UPS Refuses To Listen To UPS, Won't Release Package To Authorized Person
What is the standard for a UPS store pickup center to release a package to someone who is not the addressee? Ace writes that apparently, one needs more than a signed note authorizing the pickup and an order from a UPS call center. What should have been a routine package pickup turned into a bizarre slap-fight.
Ace writes:
I witnessed a disturbing scene at the UPS pick-up counter in [redacted], CA yesterday…
A young woman was there to pick up a package and had brought a signed note (from the package’s recipient) authorizing her to pick up said package.
The counter people said the note wasn’t enough and they wouldn’t release the package. She countered by saying that she had spoken to he UPS call center and was only doing what she was told by them (and she had traveled some distance to do so).
She them proceeded to call said center and got the SAME advice from them, and gave the phone to the counter person.

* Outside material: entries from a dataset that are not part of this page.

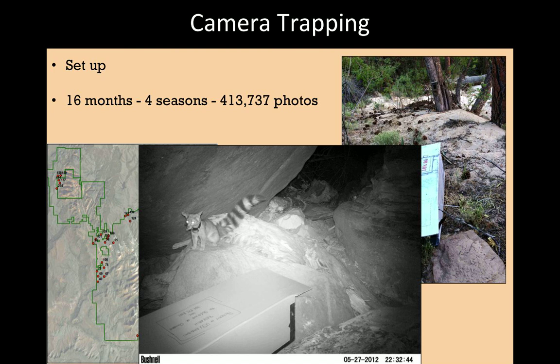We ran the camera trapping survey for 16 months across four seasons and have come up with 413,000 photos — not all of ringtails, but a mix of grass, deer, and other animals that triggered the cameras. As you can see, we have had some success capturing ringtails on remotely triggered cameras. This individual is named Yoda — most of you probably know him as the culprit causing problems last winter. This data will confirm what habitats ringtails use and which they don't, though the full analysis is still in progress.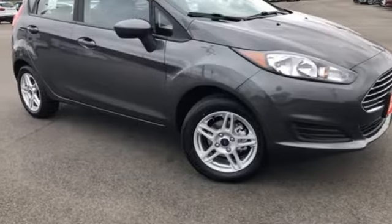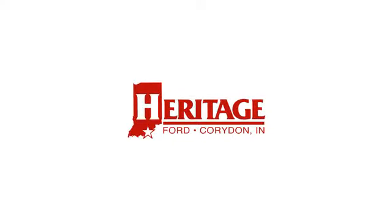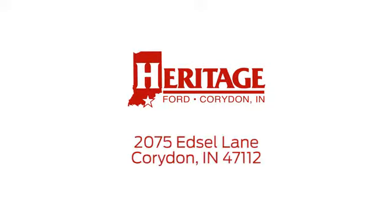Stop in for a test drive and make it yours today. Heritage Ford is proud to be an automotive leader in our community. We're located at 2075 Edsel Lane Northwest in Corridon, Indiana.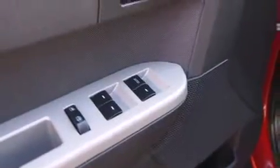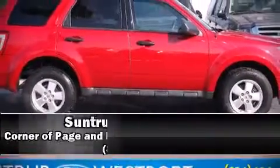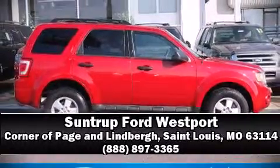Our knowledgeable sales staff is available to answer any questions that you might have. Please don't hesitate to give us a call. Thank you.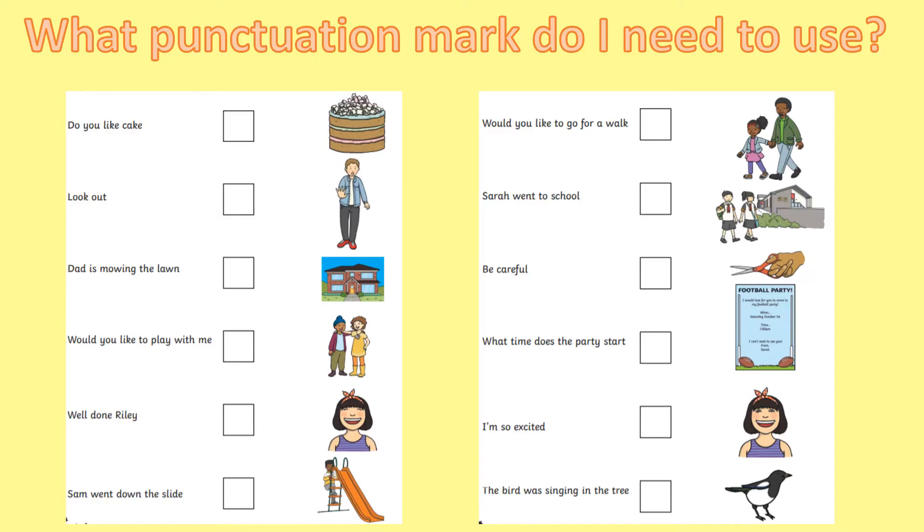Now, boys and girls, this is your opportunity for a little bit of a practice. This activity will allow you to practise using the correct punctuation marks. What you've got to do is look at each sentence and decide: does it need a full stop at the end, does it need an exclamation mark at the end, or does it need a question mark at the end?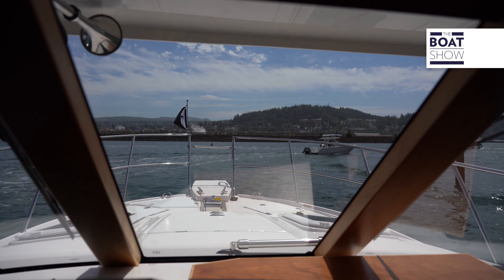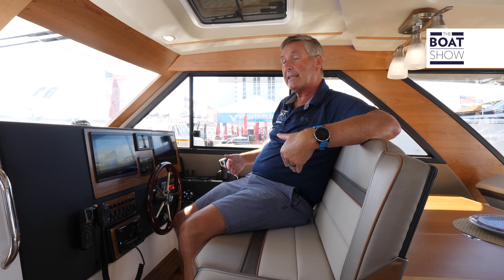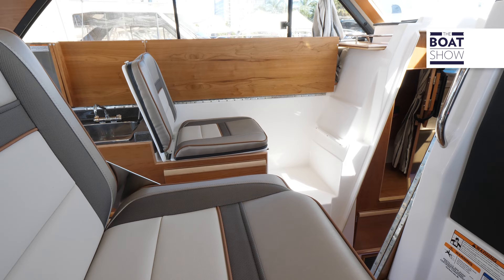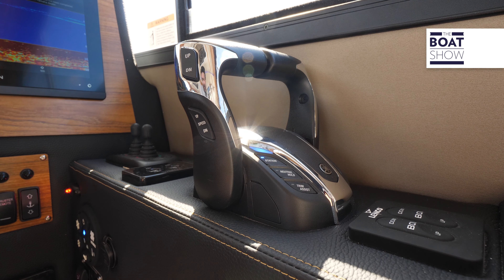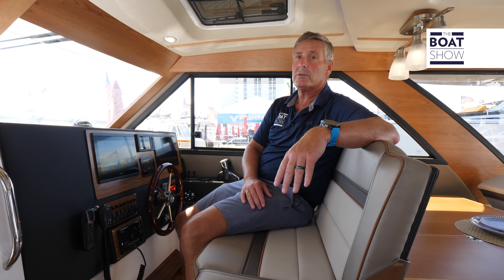Great visibility. We have seating for two up here for yourself, the captain, and the first mate seat. And then we have a companion seat over here on the port side as well. We have a twin Garmin array. We also have telemetry for our Yamaha controls. And then we have a bow and stern thruster in addition to the Yamaha power controls.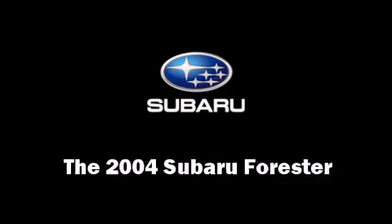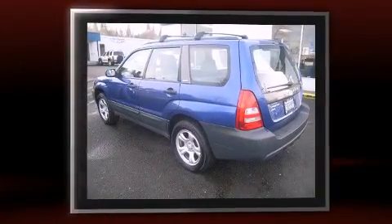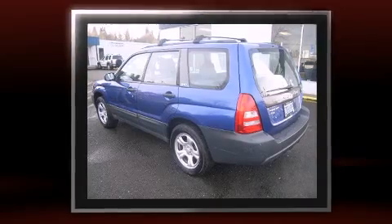The 2004 Subaru Forester. It features an automatic transmission, all-wheel drive, and a 2.5-liter four-cylinder engine.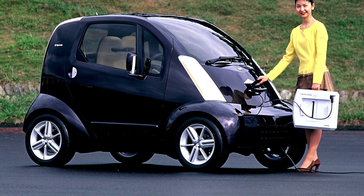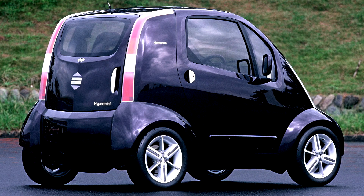The audience briskly discussed the merits of the Hypermony design — this is the name of the machine — although the main thing in it is not the appearance, but the filling. The two-seater Hypermony is an electric car with lithium batteries mounted in the double floor.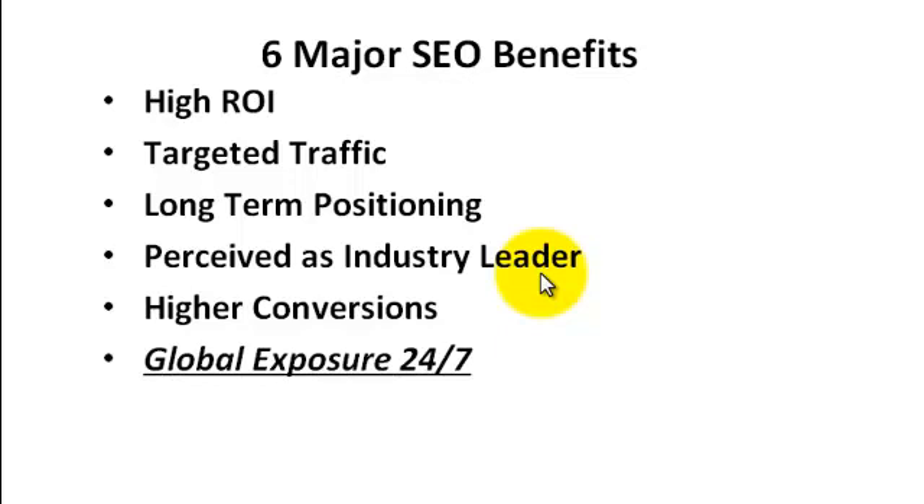And of course, you get global exposure 24/7. Your listings in your keywords are pretty much the same all over. If someone searches for 'TPO Roofing Milwaukee' and they are not in the Milwaukee area, they'll still see the same listing. Someone from Chicago or another city may be looking for it, and your listing still ranks on page one. So you have exposure beyond just your city, which is what has helped me build our perfume business internationally.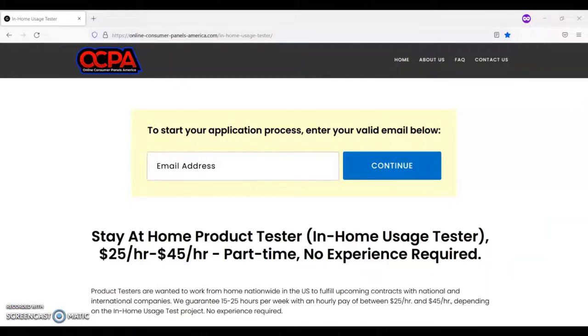For today's video, I will be sharing with you important information about this work from home job opportunity being offered by OCPA. I will be sharing with you information such as the requirements for the job, the main duties for the job, as well as the benefits.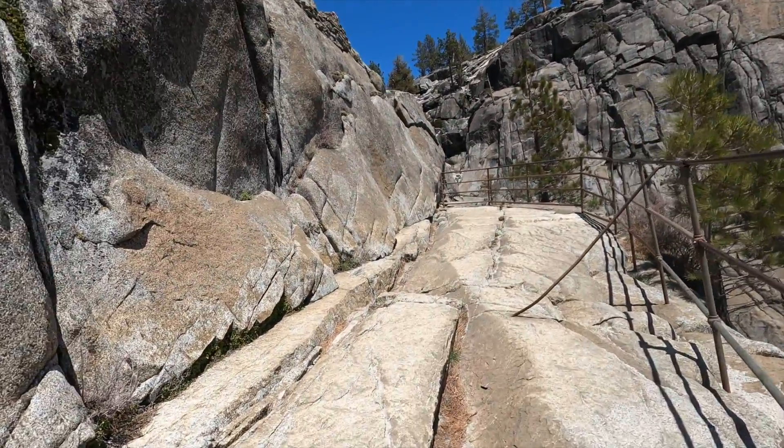But if you're not afraid of heights, I highly recommend you try it. I mean, you hiked all the way up there, you might as well. It might not be as scary as it looks, but it's definitely an adrenaline rush.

The counter person then proceeded to tell his OWN call center that they were wrong, and she wasn’t getting the package.
The customer, visibly upset, asked to speak to a supervisor, who came out promptly. The supervisor them told the customer the exact same thing — that the note wasn’t enough, no matter what UPS’ own call center had said.
Frustrated beyond her own tolerance, the girl smacked the supervisor and ran out. The supervisor ran after her yelling, “I’m sending that package back.”
The counter person then tried to play it off, by saying to me, “That happens here every day.”
Shouldn’t UPS get their own house in order, rather than subject their own employees to physical abuse?
It’s likely that the employees at this particular UPS store were not direct employees of UPS, but that the store is a franchise location. Still, the concept of “franchise” means that it’s part of a brand, and theoretically a unified brand means that policies are, um, consistent.